Background: Prenatal exposure to infectious or inflammatory insults increases the risk of neurodevelopmental disorders. Using a well-established mouse model of prenatal viral-like immune activation, we examined whether this pathological association involves genome-wide DNA methylation differences at single nucleotide resolution.
Methods: Prenatal immune activation was induced by maternal treatment with the viral mimetic polyriboinosinic-polyribocytidylic acid in middle or late gestation. Following behavioral and cognitive characterization of the adult offspring (n = 12 per group), unbiased capture array bisulfite sequencing was combined with subsequent matrix-assisted laser desorption/ionization time-of-flight mass spectrometry and quantitative real-time polymerase chain reaction analyses to quantify DNA methylation changes and transcriptional abnormalities in the medial prefrontal cortex of immune-challenged and control offspring. Gene ontology term enrichment analysis was used to explore shared functional pathways of genes with differential DNA methylation.
Results: Adult offspring of immune-challenged mothers displayed hyper- and hypomethylated CpGs at numerous loci and at distinct genomic regions, including genes relevant for gamma-aminobutyric acidergic differentiation and signaling (e.g., Dlx1, Lhx5, Lhx8), Wnt signaling (Wnt3, Wnt8a, Wnt7b), and neural development (e.g., Efnb3, Mid1, Nlgn1, Nrxn2). Altered DNA methylation was associated with transcriptional changes of the corresponding genes. The epigenetic and transcriptional effects were dependent on the offspring's age and were markedly influenced by the precise timing of prenatal immune activation.

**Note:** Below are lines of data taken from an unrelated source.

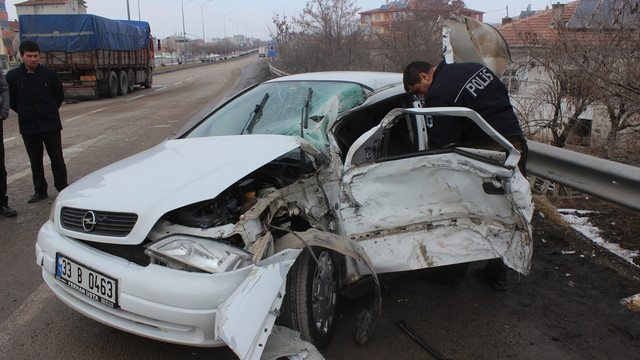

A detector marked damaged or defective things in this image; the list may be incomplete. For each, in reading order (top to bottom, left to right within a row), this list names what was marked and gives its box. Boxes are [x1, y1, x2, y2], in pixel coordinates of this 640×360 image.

crushed car hood [55, 135, 304, 245]
detached car part on road [35, 71, 536, 360]
white damaged car [36, 19, 536, 360]
crumpled car door [340, 107, 536, 276] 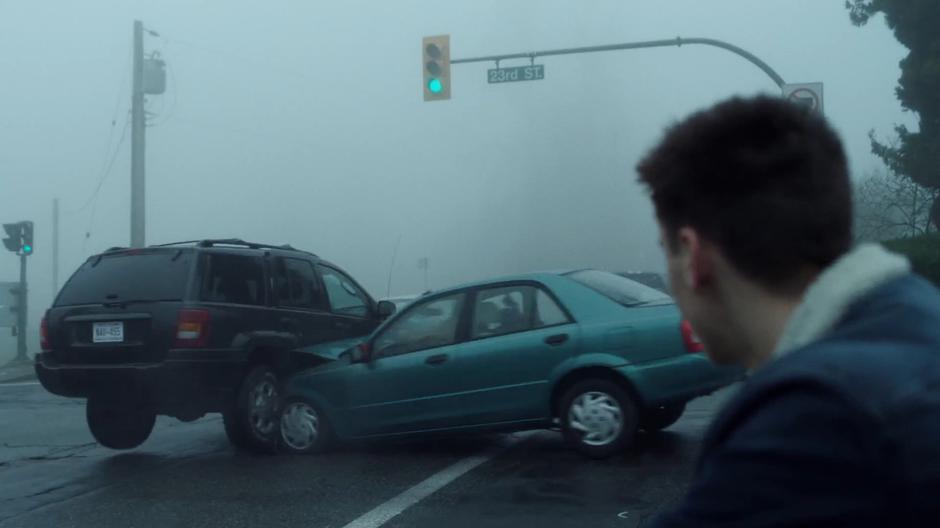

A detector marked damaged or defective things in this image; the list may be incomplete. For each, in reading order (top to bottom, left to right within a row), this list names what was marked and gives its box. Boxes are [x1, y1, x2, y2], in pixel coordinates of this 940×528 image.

crumpled sedan hood [296, 336, 366, 360] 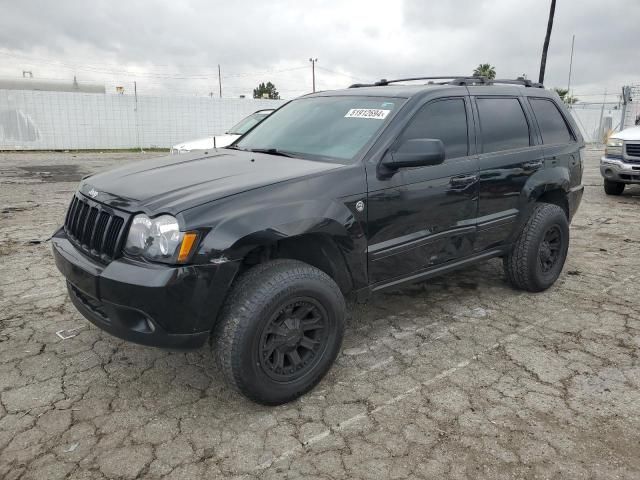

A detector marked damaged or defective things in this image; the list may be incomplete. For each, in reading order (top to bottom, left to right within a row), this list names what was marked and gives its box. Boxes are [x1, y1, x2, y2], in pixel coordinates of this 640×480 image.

cracked concrete pavement [1, 150, 640, 480] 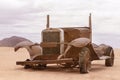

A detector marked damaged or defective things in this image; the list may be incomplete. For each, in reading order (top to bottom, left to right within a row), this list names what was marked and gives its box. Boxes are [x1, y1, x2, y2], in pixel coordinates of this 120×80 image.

rusted abandoned truck [14, 13, 114, 73] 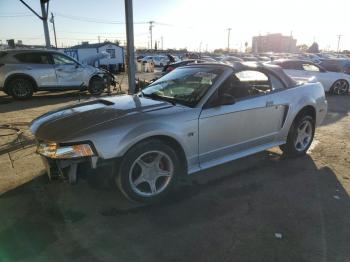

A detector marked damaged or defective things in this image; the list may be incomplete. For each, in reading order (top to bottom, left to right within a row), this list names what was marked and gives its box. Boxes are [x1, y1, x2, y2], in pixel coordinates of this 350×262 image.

crumpled hood [30, 94, 172, 141]
broken headlight housing [37, 142, 95, 159] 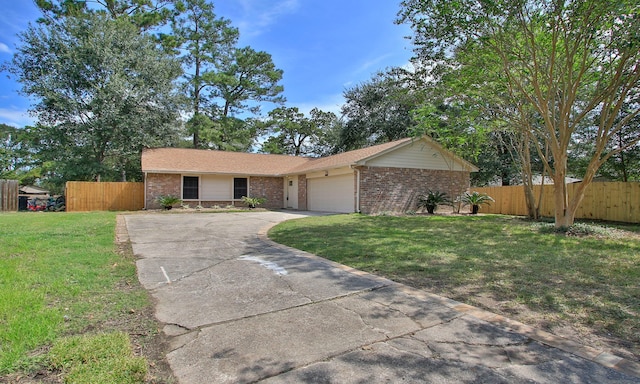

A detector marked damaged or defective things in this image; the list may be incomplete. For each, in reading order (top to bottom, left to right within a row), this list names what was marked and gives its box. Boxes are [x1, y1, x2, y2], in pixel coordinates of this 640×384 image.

cracked concrete driveway [125, 212, 640, 382] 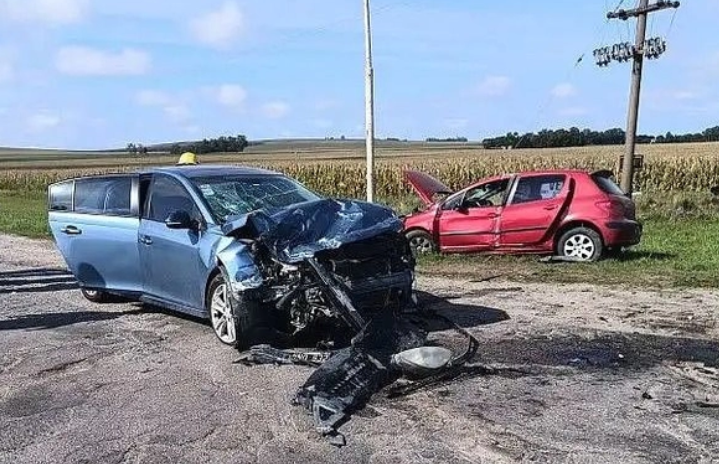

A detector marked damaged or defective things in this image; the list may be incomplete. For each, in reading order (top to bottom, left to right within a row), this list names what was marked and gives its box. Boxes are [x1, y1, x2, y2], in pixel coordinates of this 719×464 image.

Conclusions: Prenatal viral-like immune activation is capable of inducing stable DNA methylation changes in the medial prefrontal cortex. These long-term epigenetic modifications are a plausible mechanism underlying the disruption of prefrontal gene transcription and behavioral functions in subjects with prenatal infectious histories.
Keywords: Autism; DNA methylation; Epigenetics; Maternal immune activation; Poly(I:C); Schizophrenia.